Foolishly, I have this wild notion that one day, if the stars align in my favour, I might be able to reduce my Sky subscription. I know, I know. What a crazy, idealistic dreamer I am. But I just feel it ought to be possible to watch television for less than a thousand pounds a year.
I seem to remember, in the dark recesses of my brain, that once upon a time, far away in a wonderful utopia where TVs had big fat buttons, there used to be three channels with everything you wanted to see on them and no more bureaucratic or financial a nightmare to access this simple pleasure than paying a licence fee of a few pounds. Now the licence fee — inflated enough in itself — is the least of your worries as the payments to Sky grow bigger and more inexplicable.

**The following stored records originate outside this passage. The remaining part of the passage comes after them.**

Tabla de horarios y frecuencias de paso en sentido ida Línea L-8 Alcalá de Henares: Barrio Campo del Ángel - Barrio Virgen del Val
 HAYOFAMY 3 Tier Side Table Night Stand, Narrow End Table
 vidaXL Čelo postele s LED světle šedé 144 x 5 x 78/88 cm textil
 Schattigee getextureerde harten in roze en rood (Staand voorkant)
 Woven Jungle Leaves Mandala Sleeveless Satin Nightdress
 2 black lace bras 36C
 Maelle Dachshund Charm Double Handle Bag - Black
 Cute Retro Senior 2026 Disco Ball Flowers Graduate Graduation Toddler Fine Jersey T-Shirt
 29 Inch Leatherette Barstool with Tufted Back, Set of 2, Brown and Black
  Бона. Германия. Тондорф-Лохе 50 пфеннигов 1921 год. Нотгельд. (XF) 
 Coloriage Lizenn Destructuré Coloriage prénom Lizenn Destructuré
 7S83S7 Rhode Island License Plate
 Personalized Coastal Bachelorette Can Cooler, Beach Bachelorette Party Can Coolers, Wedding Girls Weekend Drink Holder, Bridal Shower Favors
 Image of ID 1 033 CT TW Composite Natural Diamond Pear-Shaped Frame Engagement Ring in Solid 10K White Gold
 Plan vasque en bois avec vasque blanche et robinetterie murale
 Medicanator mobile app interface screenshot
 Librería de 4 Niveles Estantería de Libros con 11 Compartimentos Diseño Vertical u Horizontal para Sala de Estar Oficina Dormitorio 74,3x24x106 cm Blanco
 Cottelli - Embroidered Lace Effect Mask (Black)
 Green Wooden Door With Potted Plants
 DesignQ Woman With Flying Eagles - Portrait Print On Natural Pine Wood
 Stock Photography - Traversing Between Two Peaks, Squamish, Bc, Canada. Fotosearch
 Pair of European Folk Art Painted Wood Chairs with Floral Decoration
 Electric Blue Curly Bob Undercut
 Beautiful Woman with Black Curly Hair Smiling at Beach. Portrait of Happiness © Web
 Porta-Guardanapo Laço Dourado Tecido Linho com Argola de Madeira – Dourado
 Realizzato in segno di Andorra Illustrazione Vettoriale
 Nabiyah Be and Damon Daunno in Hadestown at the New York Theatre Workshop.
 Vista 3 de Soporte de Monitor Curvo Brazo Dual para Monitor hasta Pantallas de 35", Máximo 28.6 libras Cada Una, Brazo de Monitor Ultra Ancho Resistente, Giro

When I first subscribed to get access to all the channels I never want to watch, I distinctly remember the charge being about £20 a month for something called ‘The Original Bundle’.
Before I knew it, The Original Bundle had crept up to £38.50. Every time I rang Sky to complain, they would inform me that to keep ‘my movies’ and ‘all my favourite shows’ I would have to pay through the nose or enter a new contract — or both, as it always turned out.
‘You want to keep your movies and all your favourite shows, don’t you?’ a bossy person would say, in a voice that more than communicated that I would live to rue the day if my answer was no.
‘Y-es, I suppose,’ I would reply, wondering what these favourite shows were. All I ever watch is Law & Order: Special Victims Unit, Family Guy and old reruns of Friends, and even those only keep me mildly entertained.